小さく始める契約
クラウド勤怠システムの営業・叶野澄香は、午後三時の商談で説明を終える前に断られた。
「全社導入でまた止まったら困る。去年、別会社で給与計算が一日遅れた」
物流会社の経理部長は腕を組み、画面を閉じようとした。澄香の上司は隣で、値引き表に手を伸ばした。
澄香は価格の話をせず、去年の導入日を尋ねた。月末最終営業日。しかも全社員千二百人分を一度に切り替えていた。
「失敗した原因は製品だけではありません」
経理部長の目が険しくなる。
澄香は謝ってから、古いシステムの画面を見せてもらった。現場ごとに打刻の締め時刻が違い、本社だけが翌朝に修正している。新しい仕組みに合わせて一斉に権限設計を変えれば、誰が修正できるか分からなくなる。止まるのはサーバーではなく、人の判断だった。
彼女は提案書の全社導入を線で消した。
まず社員八十人の営業所だけでPoCを行う。旧システムは閲覧可能なまま残し、二週間は両方に記録する。問題がなければ、給与締めの翌日に次の拠点へ広げる。カットオーバーを一日ではなく四回に分ければ、異常が起きても戻せる。

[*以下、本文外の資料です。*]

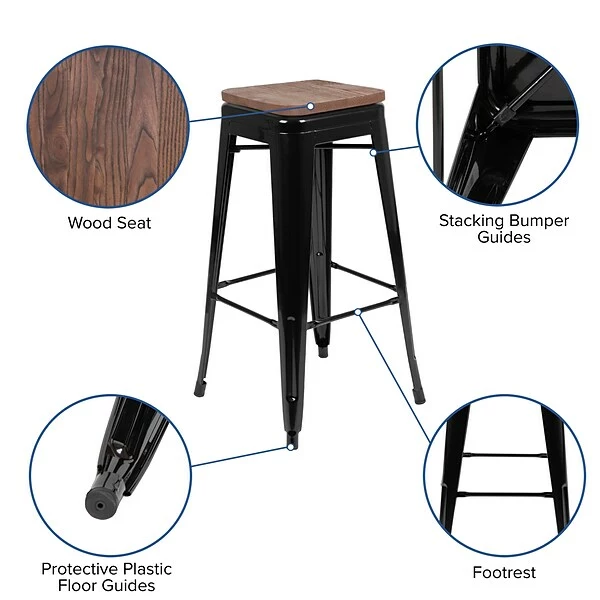 Flash Furniture Metal 30" High Indoor Bar Stool, Black, 4-Pieces (4ET31320W30BKR) 4 Flash Furniture Metal 30" High Indoor Bar Stool, Black, 4-Pieces (4ET31320W30BKR) - Image 4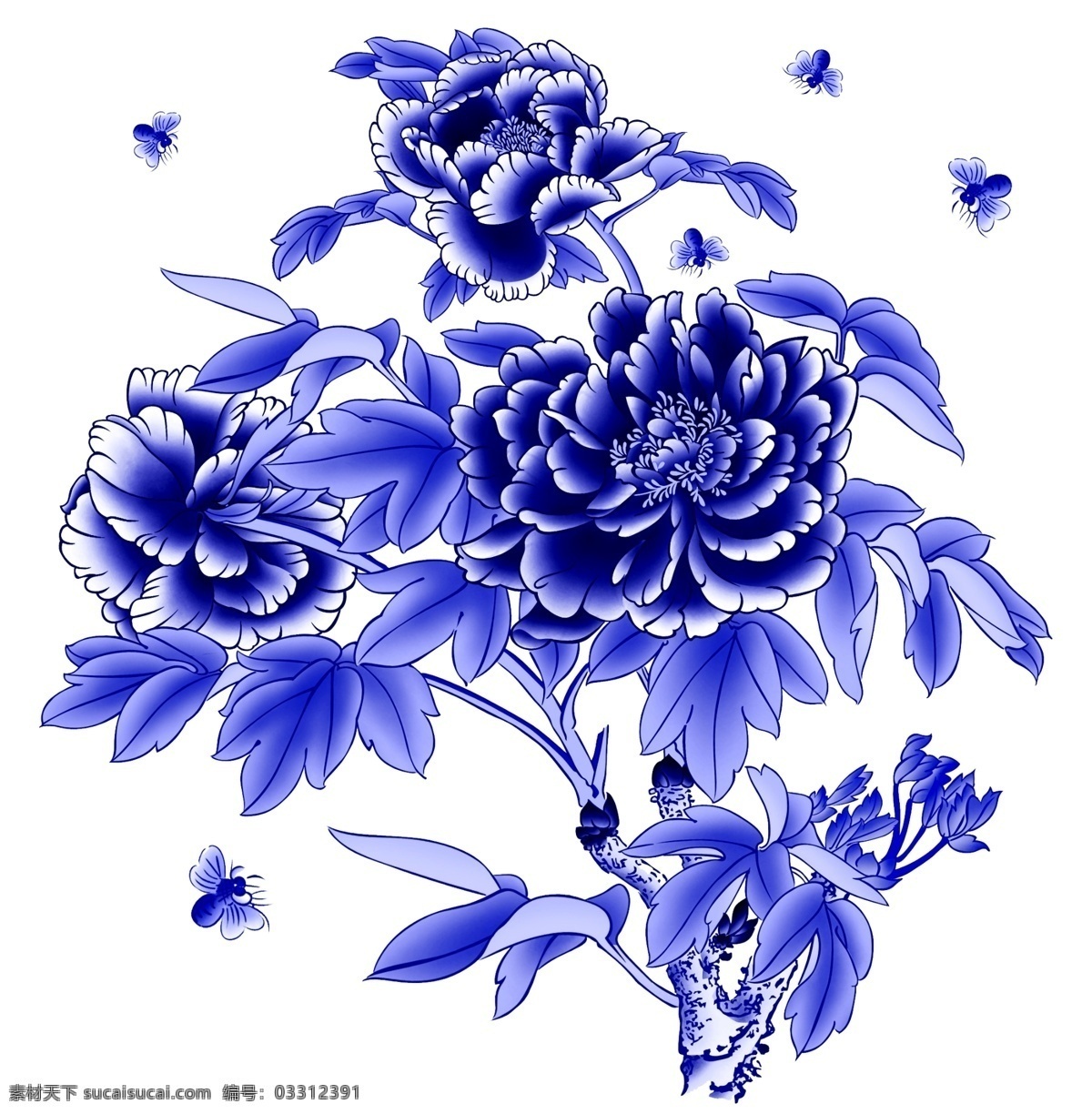 青花瓷 牡丹 花纹 牡丹花纹 蝴蝶花纹 青花花纹 国画花纹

営業所責任者も会議へ呼ばれた。彼は、本社が知らない夜勤者の代理打刻手順を話した。澄香は説明資料の順番を変え、機能一覧より先に、誰がいつ修正するかを一枚にした。導入失敗の多くは、説明を聞いていない人から始まる。
「それでは売上が今期に全部立たないぞ」
上司が小声で言った。
澄香は聞こえないふりをした。千二百人を一度に契約させれば数字は大きい。だが、失敗すれば顧客の給与日が傷つき、次の契約はない。
経理部長は消された提案書を引き寄せた。
「八十人分なら、現場責任者をここへ呼べる」
商談は予定を四十分超えた。決まったのは全社契約ではなく、小さな検証契約だった。
ビルを出たとき、上司の携帯が鳴った。別の顧客が「来月一日から全社で使いたい」と言っているらしい。
澄香は鞄から白紙の導入表を出した。